(Goal of the exercise) Below, locate the line that contains "A collage of". Repeat exactly from that line to the line that contains "重庆铜梁中华龙灯艺术节，游客观看花灯。", inclusive, leaving out the pictures.

(Supplied material)
# # #

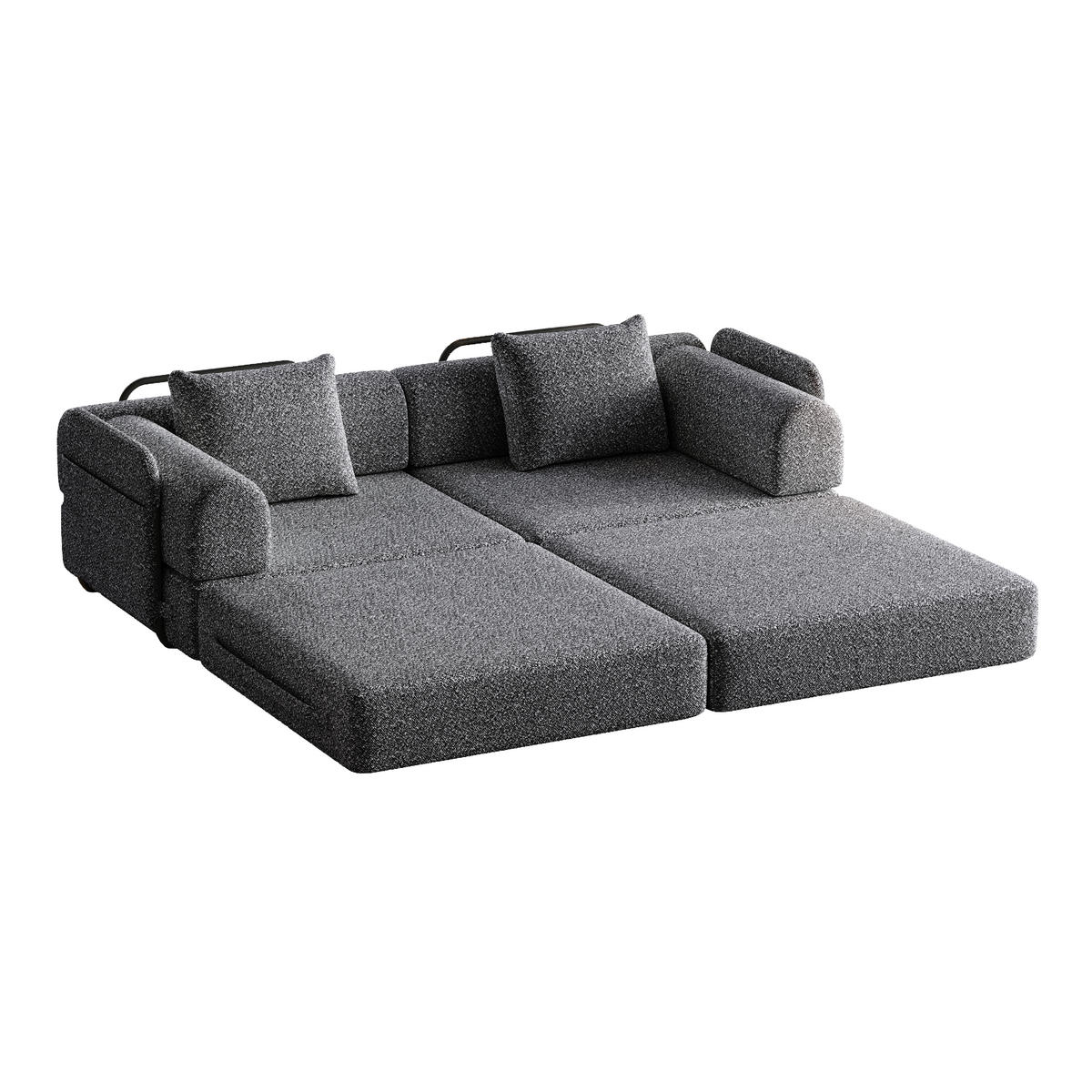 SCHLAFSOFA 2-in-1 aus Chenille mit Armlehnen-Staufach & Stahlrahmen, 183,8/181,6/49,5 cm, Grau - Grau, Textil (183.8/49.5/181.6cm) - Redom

# # #

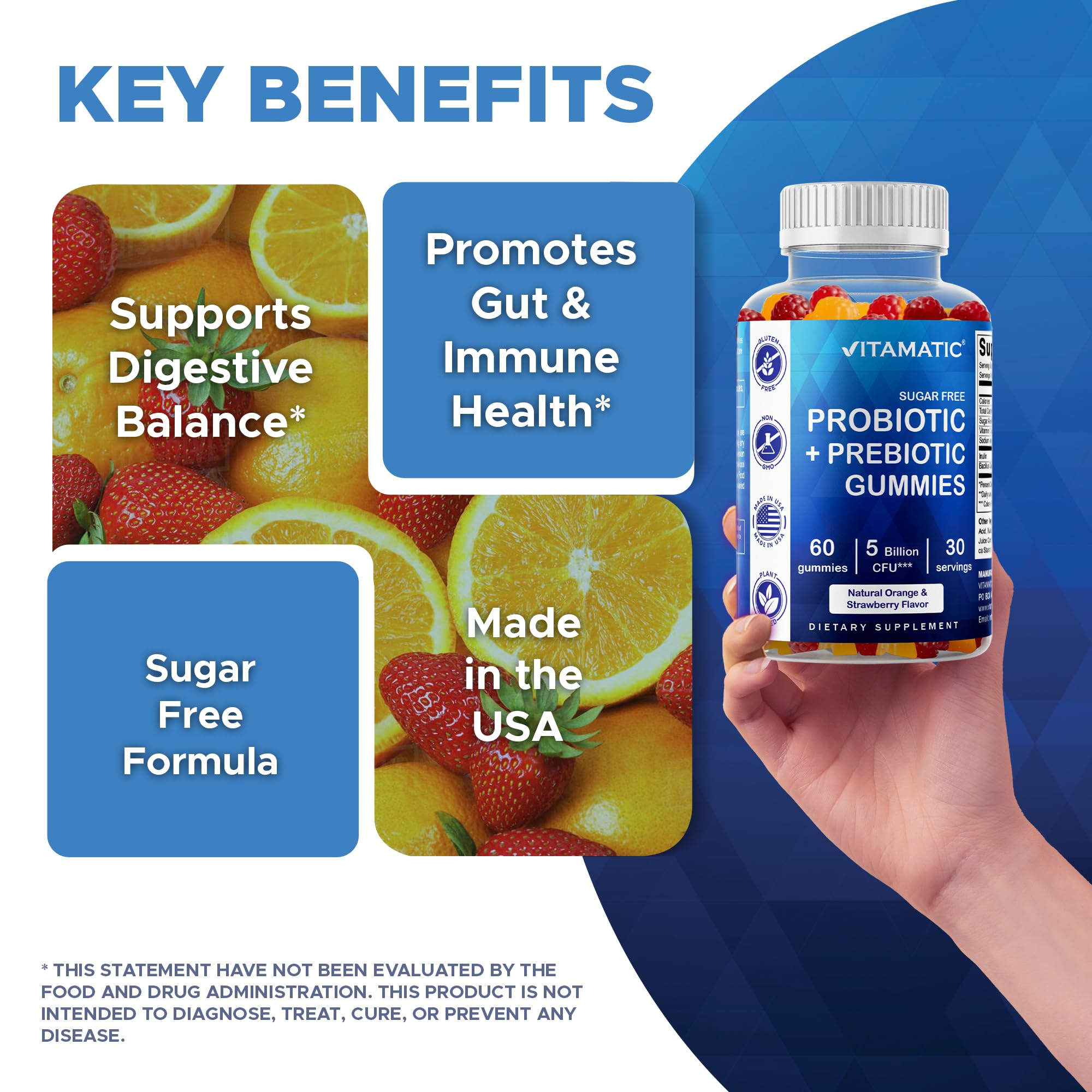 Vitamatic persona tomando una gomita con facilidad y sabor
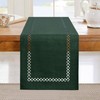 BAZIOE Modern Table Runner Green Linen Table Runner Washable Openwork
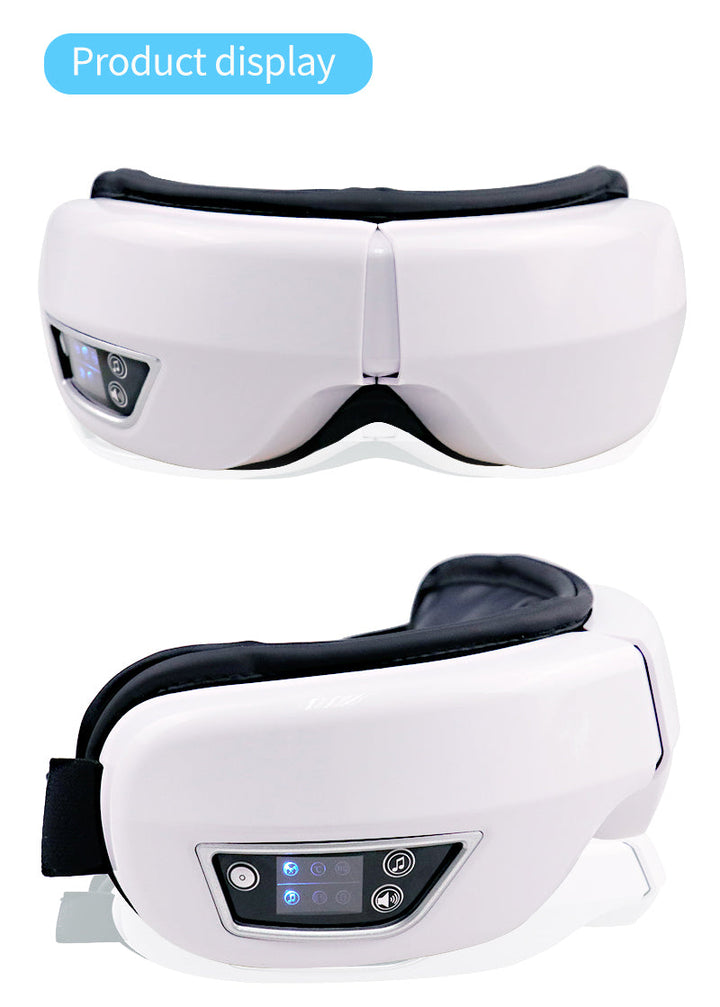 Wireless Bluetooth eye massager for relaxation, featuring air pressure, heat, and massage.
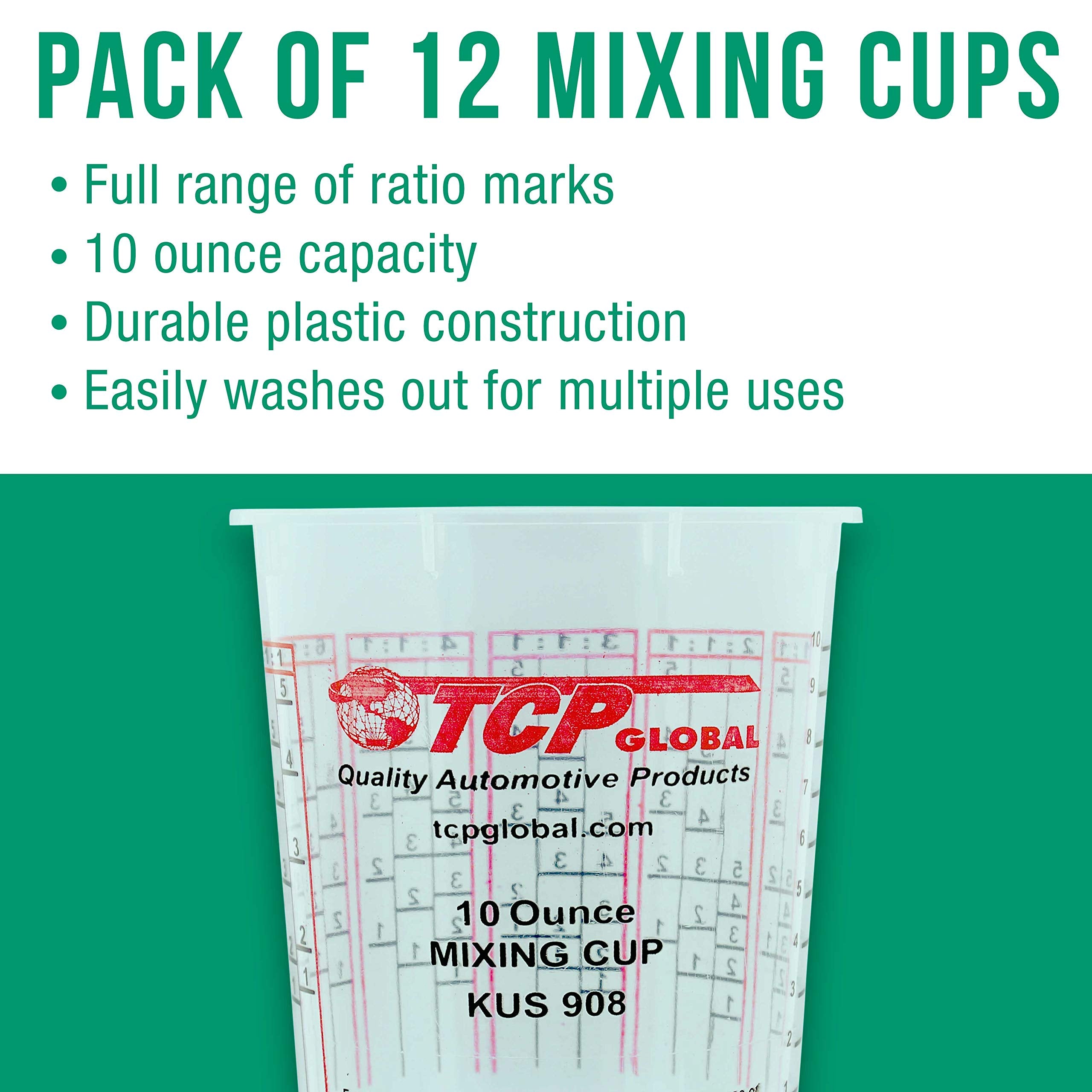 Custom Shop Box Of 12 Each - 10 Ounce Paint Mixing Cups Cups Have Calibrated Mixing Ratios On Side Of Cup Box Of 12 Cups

# # #

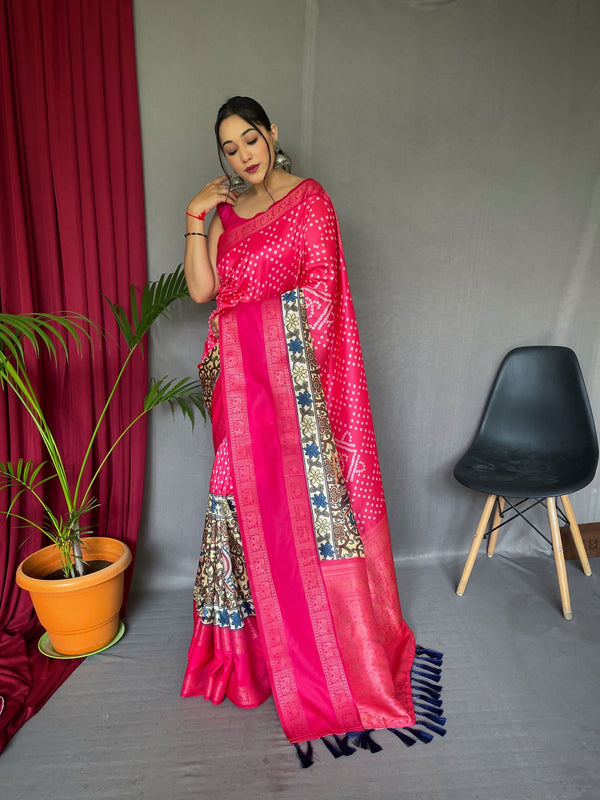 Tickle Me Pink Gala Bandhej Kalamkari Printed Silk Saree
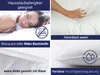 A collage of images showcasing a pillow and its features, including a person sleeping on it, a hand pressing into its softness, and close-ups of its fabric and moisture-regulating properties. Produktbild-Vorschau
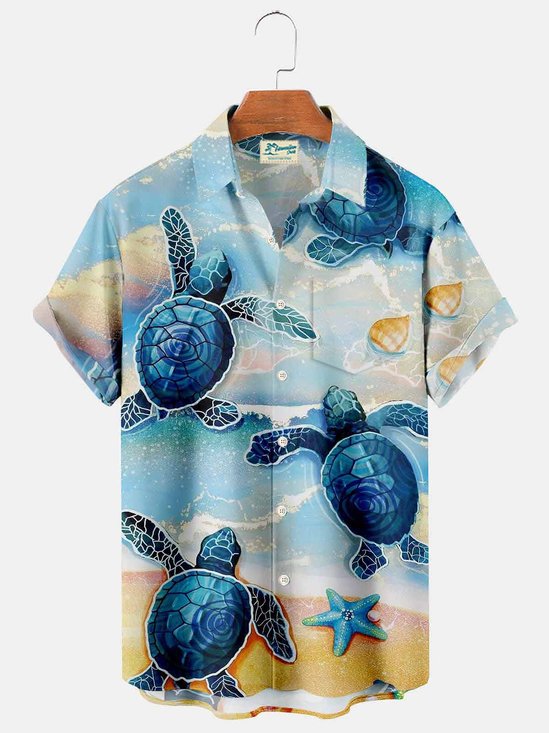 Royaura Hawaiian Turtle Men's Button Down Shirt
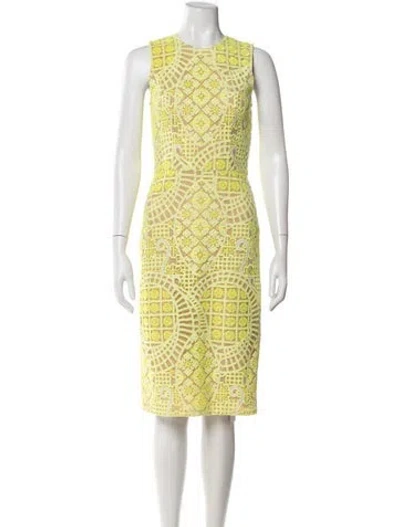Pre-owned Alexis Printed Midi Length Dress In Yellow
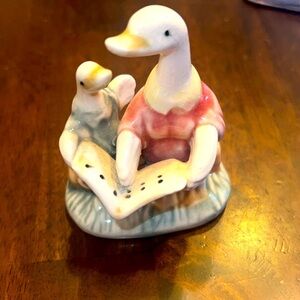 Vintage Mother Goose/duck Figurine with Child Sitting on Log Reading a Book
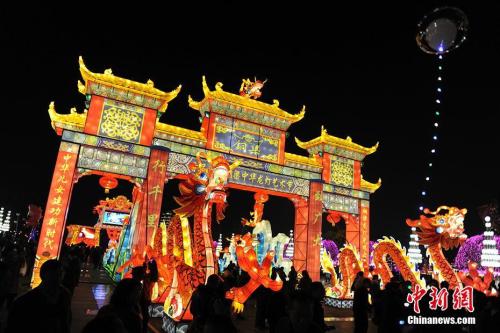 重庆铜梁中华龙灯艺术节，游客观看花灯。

# # #

(Exercise response)
 A collage of images showcasing a pillow and its features, including a person sleeping on it, a hand pressing into its softness, and close-ups of its fabric and moisture-regulating properties. Produktbild-Vorschau
 Royaura Hawaiian Turtle Men's Button Down Shirt
Pre-owned Alexis Printed Midi Length Dress In Yellow
 Vintage Mother Goose/duck Figurine with Child Sitting on Log Reading a Book
 重庆铜梁中华龙灯艺术节，游客观看花灯。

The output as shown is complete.